## TASK OBJECTIVE
Every line in the listing below from the one with "九游体育：冰雪奇缘·扎尕那滑雪场：纵享超长雪季滑至六月盛夏(图2)" through the one with "28013 N Bear Lake Rd, Chattaroy, WA 99003" is to be reproduced exactly, both ends included; leave out the rest.
** SOURCE RECORDS follows **
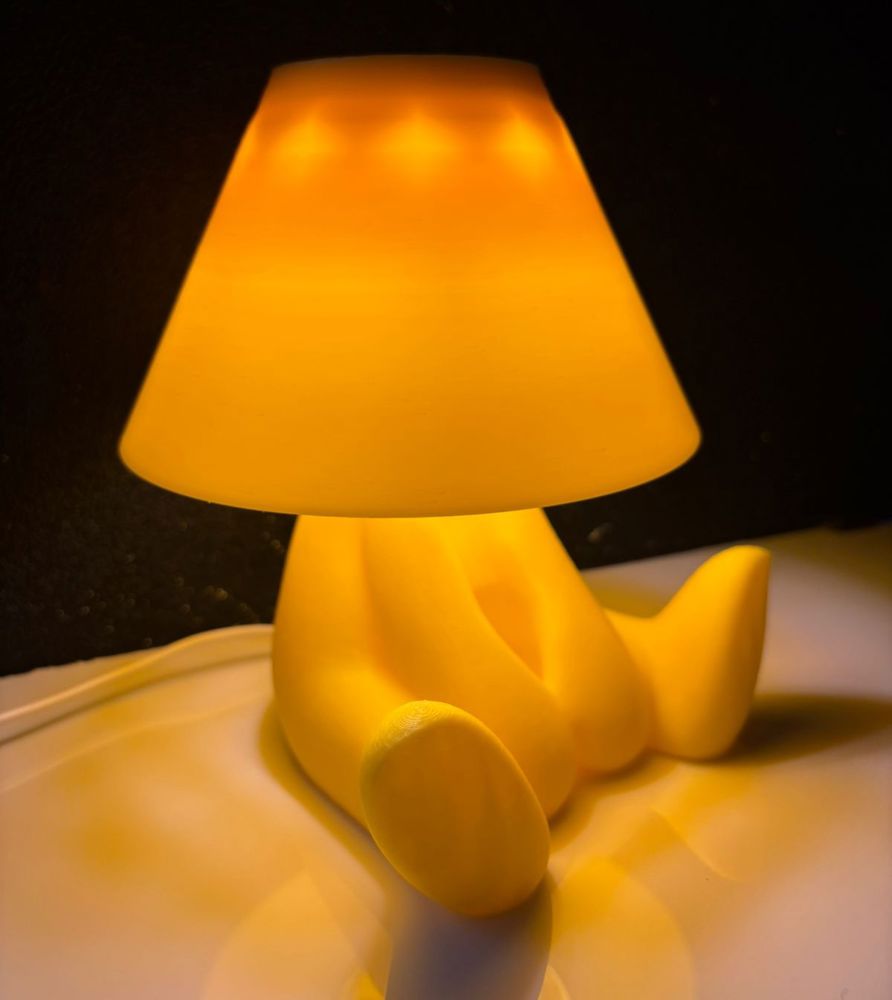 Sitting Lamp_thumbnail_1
** End of SOURCE RECORDS **
** SOURCE RECORDS follows **
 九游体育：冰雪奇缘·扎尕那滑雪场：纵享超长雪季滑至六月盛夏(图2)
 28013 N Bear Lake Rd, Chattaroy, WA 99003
** End of SOURCE RECORDS **
** SOURCE RECORDS follows **
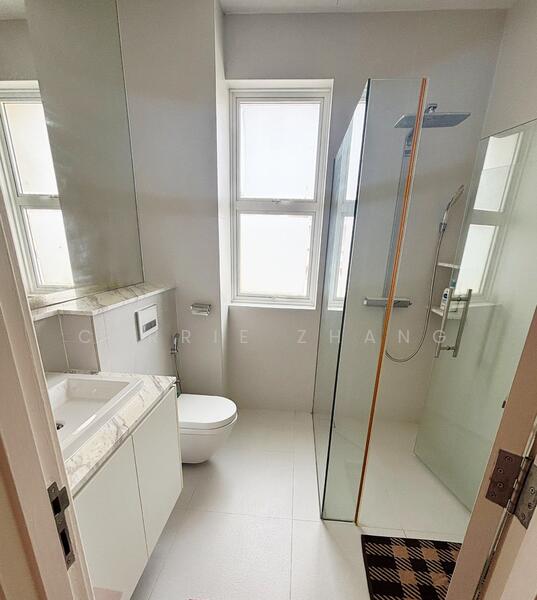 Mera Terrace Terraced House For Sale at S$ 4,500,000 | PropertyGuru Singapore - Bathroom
** End of SOURCE RECORDS **
## ANSWER TO THIS EXERCISE
 九游体育：冰雪奇缘·扎尕那滑雪场：纵享超长雪季滑至六月盛夏(图2)
 28013 N Bear Lake Rd, Chattaroy, WA 99003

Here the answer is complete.